* **About this exercise**
Exact copy, pictures omitted: the line holding "Bolso Hermès Kelly Plastic de vinilo naranja" and every line after it down to the end of the entries.

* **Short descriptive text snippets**
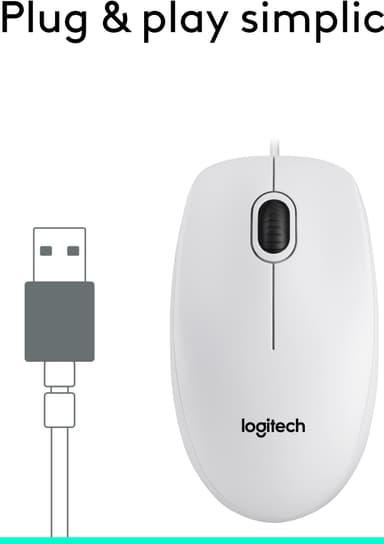 Logitech M100 trådbunden mus (vit)
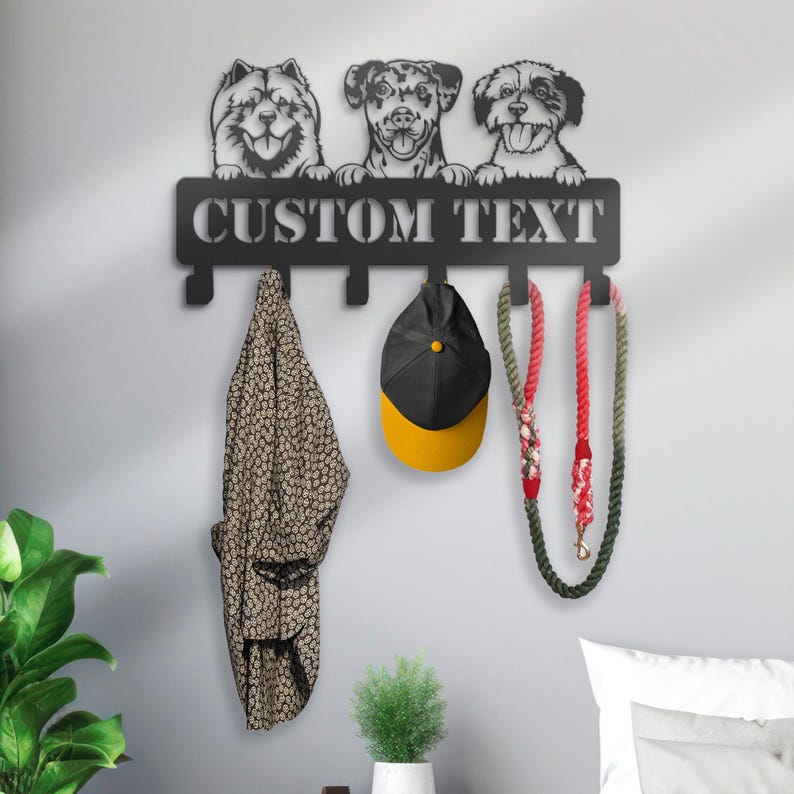Personalized Peeking dogs Metal Wall Coat Hanger, Dog leash holder, Keys Holder, Hook Rack, Clothes Hook, Porch Organizer, Home Decor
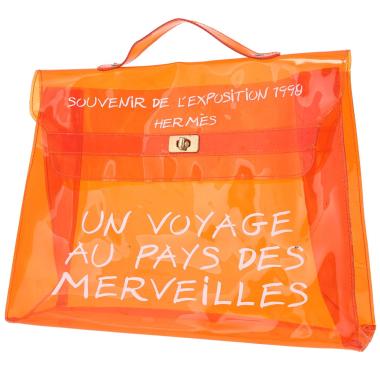 Bolso Hermès Kelly Plastic de vinilo naranja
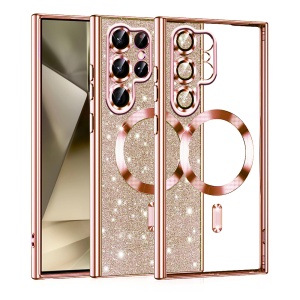 Husa pentru Samsung Galaxy S22 Ultra 5G, SKYDDAR INNOVATION, Luxury Glitter Magsafe, Antisoc, Fundal Detasabil 2-in-1, Margini Ridicate, set cu sticker, Roz auriu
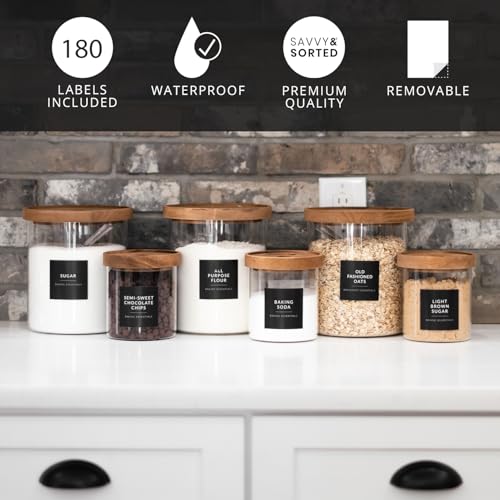 SAVVY & SORTED Black Labels for Containers, 180 Kitchen Labels for Food Storage Container, Pantry Labels for Food Storage, Organize Pantry Essentials Canister Label - Image 4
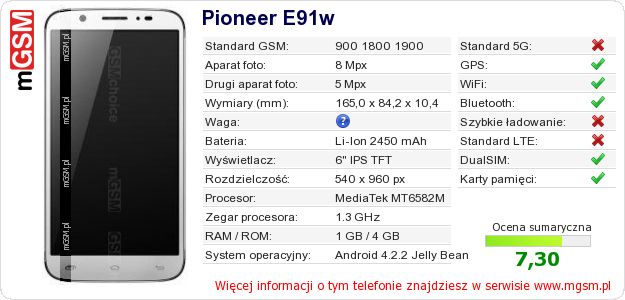 Dane telefonu Pioneer E91w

* **Answer for this exercise**
 Bolso Hermès Kelly Plastic de vinilo naranja
 Husa pentru Samsung Galaxy S22 Ultra 5G, SKYDDAR INNOVATION, Luxury Glitter Magsafe, Antisoc, Fundal Detasabil 2-in-1, Margini Ridicate, set cu sticker, Roz auriu
 SAVVY & SORTED Black Labels for Containers, 180 Kitchen Labels for Food Storage Container, Pantry Labels for Food Storage, Organize Pantry Essentials Canister Label - Image 4
 Dane telefonu Pioneer E91w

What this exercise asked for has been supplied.